After being captured during a battle in which five soldiers in his tank company were killed, Sharon spent eight months in captivity – five being tortured in solitary confinement – before being freed in a prisoner exchange.
He shared his story with The AJN last month while in Australia to promote the work of the Zahal Disabled Veterans Organisation (ZDVO) – known in Israel as Beit Halochem – which supports the care and rehabilitation of Israel’s 50,000 injured war veterans, victims of terror and their families.
Sharon told of how while in captivity, though not religious, he began to pray three times a day.
“When I finished to say my prayer, I felt all over my body warm streams, and inside a voice said to me, ‘Amnon, be strong. God is with you.’ And I believed that God was with me all the time,” he said.
He also started to have daydreams. In one, during November 1973, he dreamed he would be back home in Israel on June 8, 1974.
“I remember one brutal, very difficult interrogation and torture that I wanted to die,” he said.
“But then an inside voice said, ‘Amnon, be strong, every day you’re closer to June 8.’”
Sharon was set free on June 6.
“When you hope, you’re a pessimist. When you believe, you achieve your whole goal,” he said.
A month earlier, after being told by the Red Cross that his wife Bella had given birth to a son, he decided he would call him Dror, meaning freedom.
“Maybe it’s telepathic, but Bella thought the same, and she called him Dror.
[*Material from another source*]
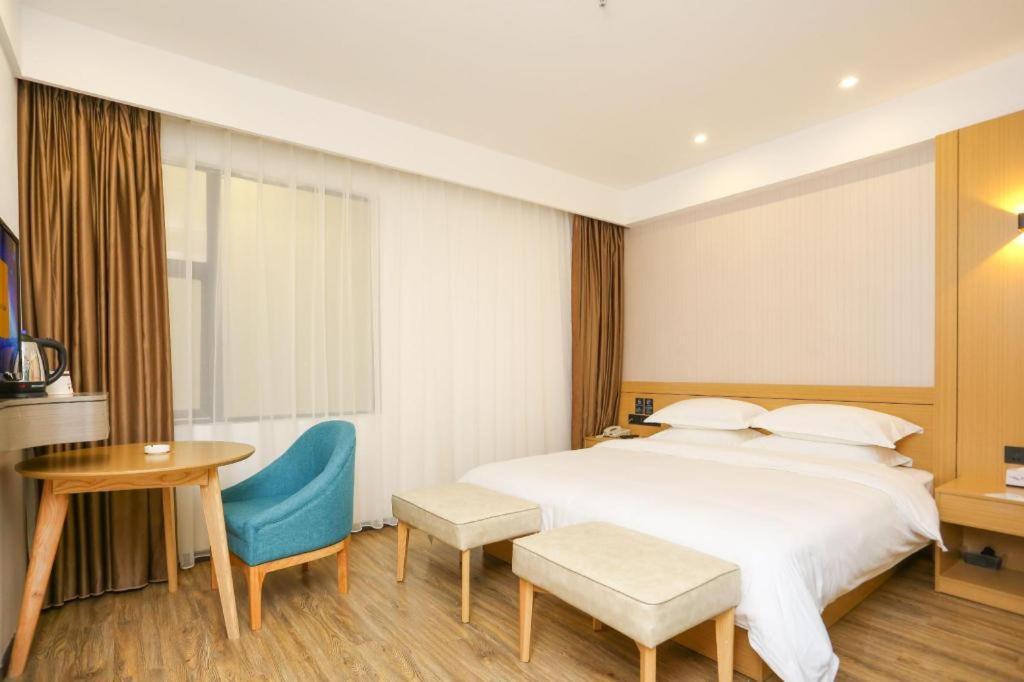 Comfort Jiahe Wanggang Metro Station Police Academy Changhong Hotel 2*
We didn’t speak,” he said.
Following his release, Sharon served for another 20 years in the armoured corps of the IDF.
More recently he was a consultant on the Israeli television program Prisoners of War, which inspired the hit US series Homeland.
Today, still suffering from post-traumatic stress disorder (PTSD), he spends a lot of his time at ZDVO’s Tel Aviv centre, where among other activities, he paints and sculpts.
“My teacher said that your demons, instead of being in your head, will be in the sculpture and the picture,” he said.
He added: “The love and the help of the people in Beit Halochem help us to be with our heads up and to feel as a regular man. It’s a second home for us.”